Shahid Beheshti University of Medical Sciences, Iran
Arfa Moshiri is Research and Teaching Assistant at Pasteur Institute of Iran. Experience in Research And Teaching Assistant. He also lived in Pasteur Institute of Iran, Pasteur institute of Iran
Objective: The outer membrane vesicle of Neisseria meningitidis serogroup B (OMV) is among the more studied components with microbial origin, which could be applied as an adjuvant. In the present study, OMV of N. meningitidis serogroup B was applied as an adjuvant co-administrated with the HBs Ag to evaluate the efficiency of this immunization strategy for the promotion of efficient humoral/cellular responses against Hepatitis B virus.
Methods: OMVs were prepared as previously described (Siadat et al., 2005). In brief, N. meningitidis serogroup B strain (CSBPI, G-245) was grown under controlled submerge cultural condition in a fermentor containing modified Frantz medium. The outer membrane vesicles (OMVs) were extracted in Tris-HCl buffer, containing EDTA and deoxycholate. Purification of the OMVs was done by sequential centrifugation at 20,000 followed by ultracentrifugation at 125,000. Purified recombinant Hepatitis B surface antigen (HBsAg) was prepared from the production and research complex of Pasteur Institute of Iran (Karaj ,Iran). Four animal groups were immunized by intranasal inoculation with HBs, HBs+OMV mixture, HBs+complete/incomplete Freund's adjuvant (C/IFA) and OMV. Two booster immunizations carried out three and six weeks after the first immunization. Indirect enzyme-linked immunosorbent assay (ELISA) was applied to assess total and subtype antibody responses against HBsAg.
Results & Conclusion: Analysis of anti-HBsAg responses elicited in immunized BALB/c mice following different immunization regimens indicated OMV+HBsAg as an immunopotent combination which significantly induced anti-HBsAg IgG with IgG2a dominancy. In accordance to previous study, evaluation of humoral responses following the immunization with HBsAg, HBsAg+C/IFA and HBsAg+OMV indicated the potency of HBsAg vaccine in all the administrated formulations to efficiently induce humoral responses against HBsAg. Although the highest level of antibodies was raised in HBsAg +C/IFA injected animals, however, the promoted response in HBsAg +OMV immunized group was comparable with HBsAg +C/IFA, indicating the capability of HBsAg +OMV immunogen for humoral response induction. All of these responses are TH1 oriented with IgG2a sub-type predominance. The highest IgG2a titer has been detected in the sera of mice immunized with HBsAg +C/IFA respectively followed by HBsAg +OMV and HBsAg.

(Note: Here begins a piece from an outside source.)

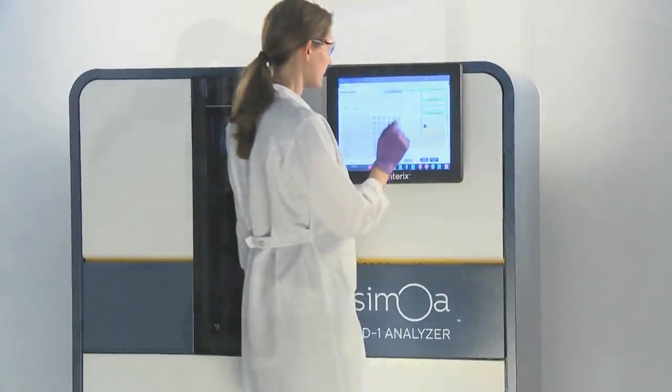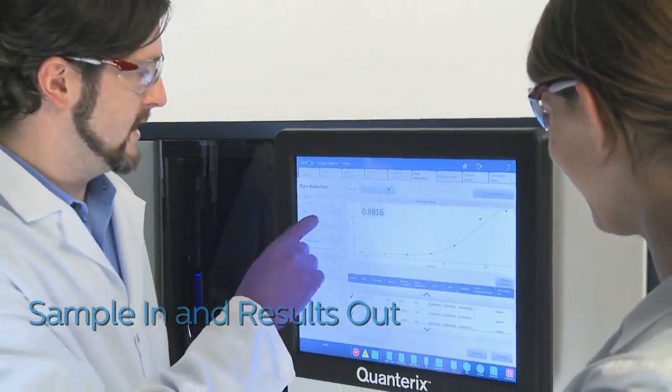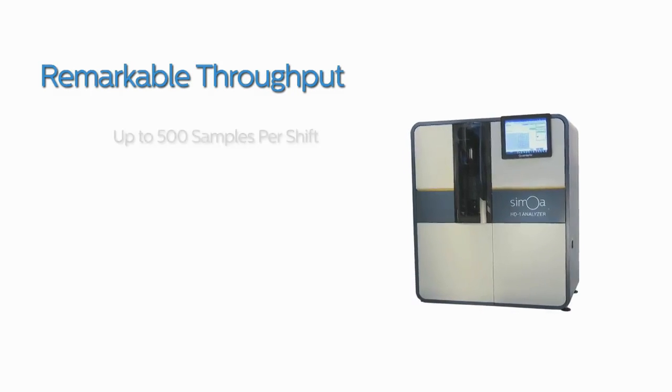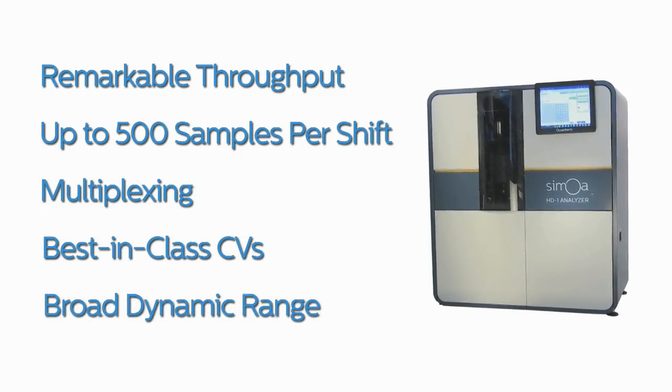The Samoa HD1 provides true walk-away capability — literally sample in and results out, with no further sample or reagent manipulations. That means remarkable throughput of up to 500 samples per shift, multiplexing, best-in-class CVs, and a broad dynamic range.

Although the most augmented anti-HBs humoral responses were detected in the sera of HBsAg +C/IFA-immunized mice, however, titer of total anti-HBs antibody and raised IgG2a was significantly increased by the application of OMV adjuvant and was comparable with the HBsAg +C/IFA regimen. Considering that OMV is a human-compatible adjuvant, this finding argues in support of probable application of OMV in HBsAg -based vaccine. According to our study, HBsAg combined with OMV seem to be a promising adjuvant in vaccine development against Hepatitis B virus.